Building an OpenClaw alternative with Mastra
Over the last few weeks, I built tia-gateway as an OpenClaw-style runtime on top of Mastra. The goal was simple: create a practical assistant runtime that can think, call tools, keep memory, and stay reliable in real messaging channels.
This is the first write-up of what worked, what hurt, and what I would keep if I built it again.
1) Memory + toolloop is the real core
The most important decision was treating memory as part of execution, not as an afterthought.
- Conversation runs are bound to memory thread/resource IDs so context stays stable per user/channel.
- Working memory gives the agent lightweight continuity for active goals and constraints.
- Toolloop behavior becomes predictable when memory scope is clear and each run has strict step limits.
In practice, this made delegated tools and follow-up tasks feel much more coherent. Without this, every run feels like starting from zero.
2) Channel handling needs one strong abstraction
Instead of hard-coding behavior for each chat app, I pushed everything through a TiaChannel interface and a ChannelManager.
- Lark became a concrete adapter (receive/send/react).
- Message normalization (
ChannelMessage) gave us one internal format. - Channel-specific metadata still survives for policy checks like mention-only group handling.
That design also made Telegram planning easier. Even before a full Telegram adapter is done, the architecture is already prepared for it.
3) Onboarding UX matters more than we think
I used commander for CLI command structure and an interactive onboarding flow for setup. The result was much better than expecting users to hand-edit config files.
The key lesson: people should be able to run tia onboard, pick provider + credentials, and move on. If setup is painful, runtime quality does not matter because users drop before first success.
4) Human-linked conversations need steering + interruption
Real users do not wait politely for long tool chains. They change direction, add urgent tasks, and expect the assistant to adapt.
So I added an interruption classifier with queue vs interrupt decisions, plus explicit resume commands. This solved two real problems:
- The assistant can switch immediately when urgency is clear.
- The previous task is not lost; it can be resumed intentionally.
This is one of the most important pieces for human-in-the-loop trust.
5) Long-running tasks need guardrails (tmux by default)
Some tasks are naturally long-running: installs, repos, docker, external dependencies. Letting these block the main execution loop is risky.

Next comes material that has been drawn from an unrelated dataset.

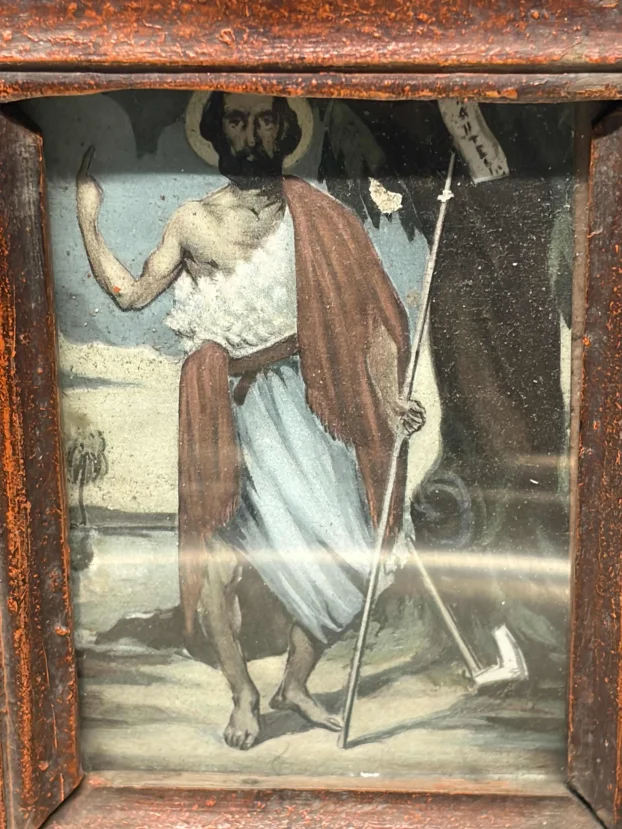 Ikona stara Pravoslavna u originalnom ramu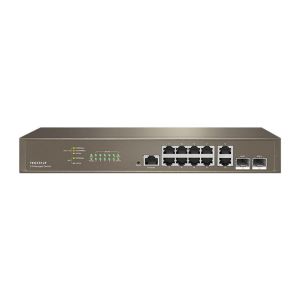 Stock Customized TEG5312F 10port L3 Managed Switch with 10*10/100/1000 Base-T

I added guarded sandbox rules that require tmux for long-running/external commands. When tmux is missing, the runtime attempts installation first, then retries with the same policy.

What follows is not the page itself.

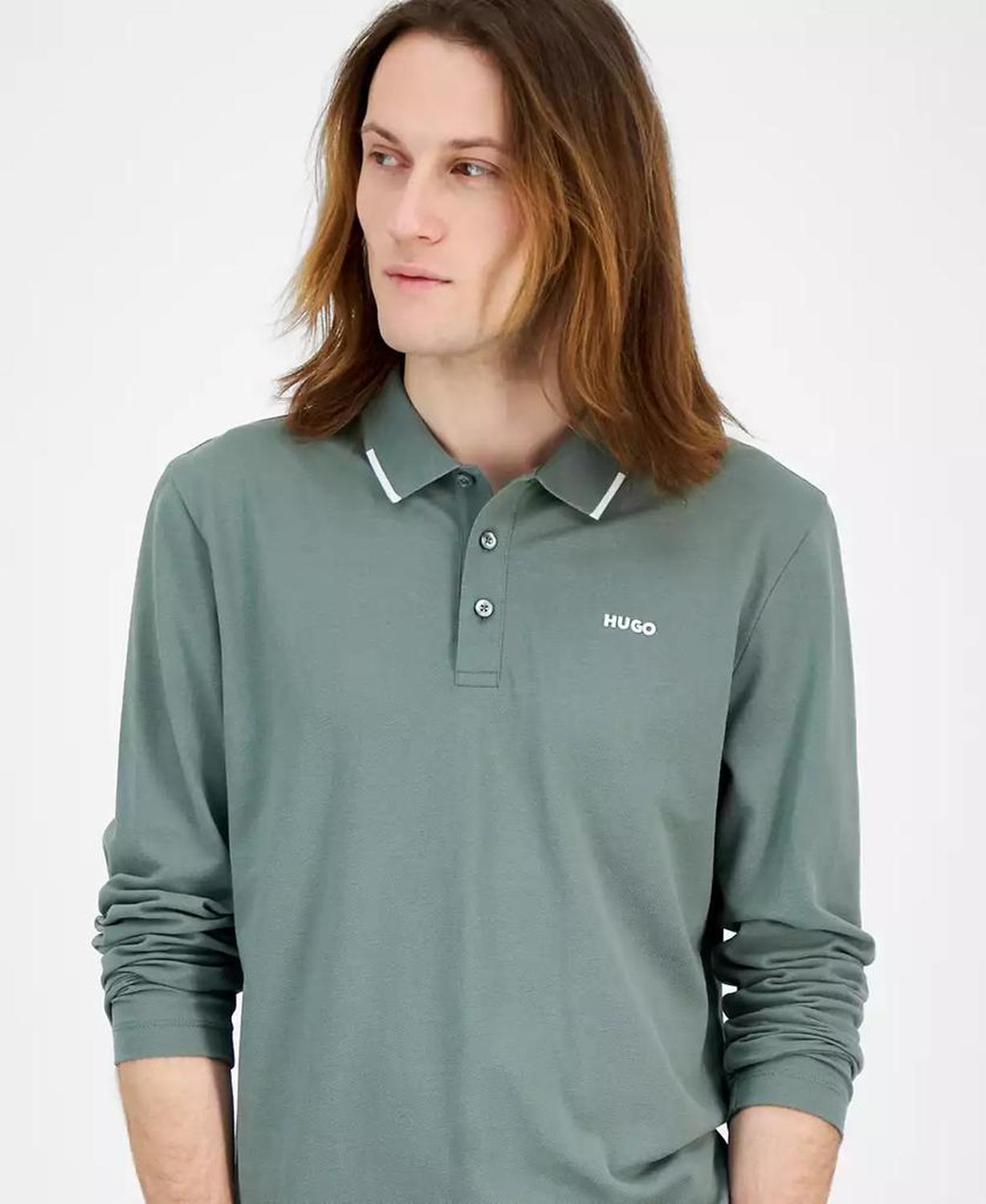 Men's Derrikos Long Sleeve Polo Shirt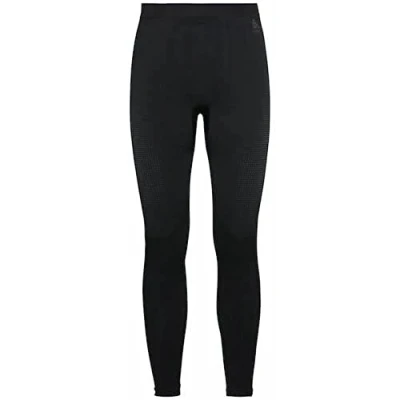 Image of odlo Men Functional Underwear Long Pants PERFORMANCE WARM ECO, black new graphite grey, XXL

That gave us safer async execution and fewer stuck sessions.
6) Other practical insights from building our own alternative
- Streaming responses should be chunk-aware (
[[BR]]) so channel delivery stays readable. - You need a silent mode (
CHANNEL_SILENT) for internal runs like heartbeat or maintenance tasks. - Heartbeats are useful only when tightly scoped and easy to suppress.
- Tool-result narration in plain language dramatically improves user trust during long runs.
- Clear workspace boundaries prevent accidental unsafe file access.
Building this from scratch made one thing very clear: the hard part is not "calling an LLM". The hard part is making a runtime that stays reliable when real people, real channels, and real long-running work collide.